For hemp, this also means that the short Nordic growing season can be used without the soil simultaneously working against it. The season is not a limitation on Gotland; it is part of the place's character.
What Gotland soil is not
Not all Swedish hemp is processed from raw material grown under the same conditions. On the mainland, especially in central Sweden, common agricultural land is primarily clay or moraine soil. Both have their strengths — clay binds nutrients, moraine releases water — but neither offers the same combination as Gotland.

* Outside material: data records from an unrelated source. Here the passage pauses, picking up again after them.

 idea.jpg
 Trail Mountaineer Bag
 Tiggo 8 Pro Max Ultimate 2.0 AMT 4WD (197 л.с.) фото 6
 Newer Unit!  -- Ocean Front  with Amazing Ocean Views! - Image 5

The soil we are talking about also has a practical consequence: it is less prone to moisture-bound fungus. When moisture does not linger in the soil, the conditions for several fungal attacks that otherwise force growers into early interventions are reduced. On Gotland these interventions are needed less often — not because the grower is more skilled, but because the soil does not ask for them.
A historical note
What is happening on Gotland today has precedent. During the Hanseatic era, Gotland was a hub of Baltic trade, and hemp was one of the goods the island was known for. Hemp's use in trade at that time was primarily industrial — rope, sails, canvas — and the quality of the Gotland material is described in contemporary sources as among Europe's finest. (For a more comprehensive history, see our e-book The Nordic History of Hemp.)
When industrial hemp cultivation disappeared in Sweden during the 1960s, the bedrock and the climate did not disappear. The conditions remained; they were simply no longer used. They are what hemp growers on Gotland today have picked up again.

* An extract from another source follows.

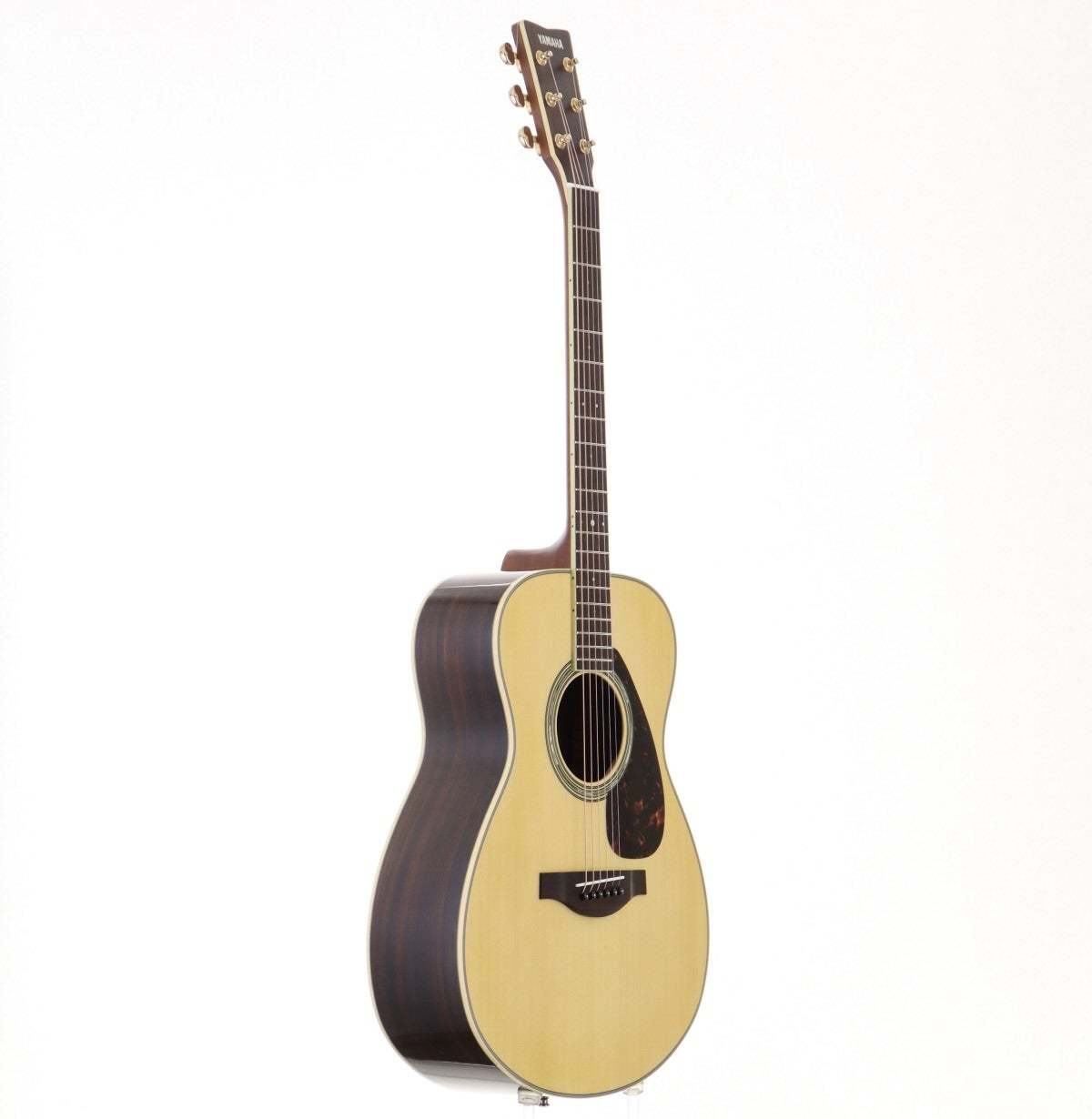 YAMAHA LS6 ARE 【御茶ノ水HARVEST_GUITARS】（中古/送料無料）【楽器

My relationship to the place
We are not growers. We are processors. What Helsama does is receive raw material from Gotland growers and prepare it for the consumer — not stand out in the field.
\nThe full journey from raw material to finished product — sorting, packaging, quality control — is described separately in the article From Hemp to Finished Product.
But what I have come to understand from my time on Gotland — as a five-year-old with a crystal in my hand, as an adult with a hemp harvest from Hempland — is that the geographical difference there is real. The local food tastes better. The local water is different. And the hemp is no different. It is the same limestone that gives a Gotland vegetable its character that gives a Gotland hemp harvest its.
When you buy hemp from Helsama you get a product that is not geographically interchangeable. It would not have looked this way had it grown on the mainland, or on land selected primarily for price. You will notice this especially in our Premium Hemp Powder — it is the first expression of limestone in the Helsama range. This is not a brand argument — it is a consequence of the limestone having been there first.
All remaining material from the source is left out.